Mit dem Auto in den Urlaub: Tipps zur richtigen Ladungssicherung

Mit dem Auto in den Urlaub : Tipps zur richtigen Ladungssicherung

Das Auto ist das beliebteste Reiseverkehrsmittel der Deutschen. Im vergangenen Jahr nutzten rund 42 Prozent von ihnen das Auto, um in den Urlaub zu fahren. Verwunderlich ist dies nicht, denn eine Reise per Pkw bedeutet maximale Flexibilität und Ungebundenheit. Doch die Vorfreude auf den Urlaub verleitet leider viele Autofahrer dazu, einen wichtigen Aspekt der Reise zu vergessen: die Ladungssicherung.

Ist das Auto nicht richtig beladen, leidet nicht nur der Komfort der Insassen, auch deren Sicherheit ist gefährdet. Dennoch wird das Gepäck oft nur irgendwie in den Kofferraum und auf die Rückbank gestopft, ohne daran zu denken, es vor dem Verrutschen zu sichern. Wie das Gepäck richtig gesichert wird und worauf man beim Beladen achten sollte, haben wir nachfolgend zusammengefasst.

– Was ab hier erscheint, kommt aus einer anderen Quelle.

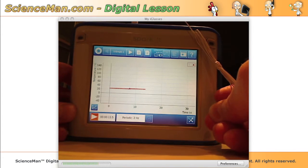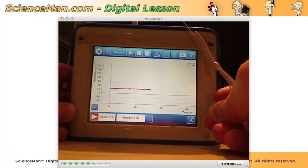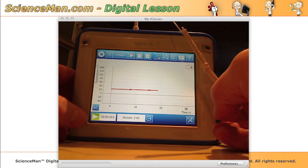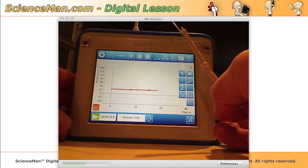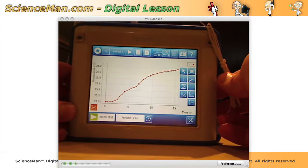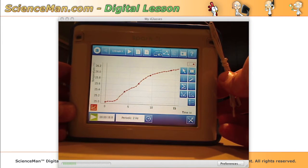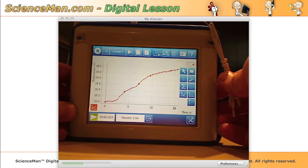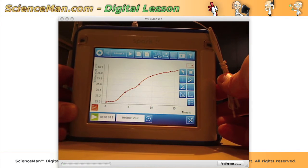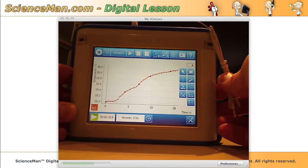Of course, the scale on the left is totally inappropriate — it's 0 to 140 — so let's stop collecting data, press the tools button, and press auto scale. And there we are, that's beautiful: temperature from 25 to 26 degrees. We've done our first experiment within a couple of minutes of having opened the box, so it does pass the intuitiveness test — very nice and easy to use.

Verletzungsgefahr durch zu viel Gepäck

Wird das Auto bis auf den letzten Zentimeter mit Taschen und Koffern vollgestopft, drohen bei einer Polizeikontrolle nicht nur Bußgelder, auch die Sicherheit der Insassen ist nicht mehr gewährleistet. Ungesicherte Gegenstände können sich bei einer Vollbremsung in gefährliche Geschosse verwandeln. Bereits ein Smartphone mit einem Gewicht von 300 Gramm entwickelt bei einer Vollbremsung bei 50 Kilometern pro Stunde die Aufschlagskraft eines 15 Kilogramm schweren Objekts. Noch gefährlicher sind vollgepackte Koffer auf dem Rücksitz oder unter der Heckscheibe: Sie wiegen etwa 40 Kilogramm - fliegen sie nach vorne, wirken sie beim Aufprall wie ein 2000 Kilogramm schweres Objekt.

Ein zu schwer beladenes Auto kann auch die Funktionsfähigkeit des ESP-Sicherheitssystems beeinträchtigen. Das sogenannte elektronische Stabilitätsprogramm verliert bei höherem Gewicht an Effektivität, der Bremsweg verlängert sich und bei abrupten Ausweichmanövern schlingert das Fahrzeug deutlich. Kurzum: Wird das Auto überladen, ist das Unfallrisiko wesentlich erhöht.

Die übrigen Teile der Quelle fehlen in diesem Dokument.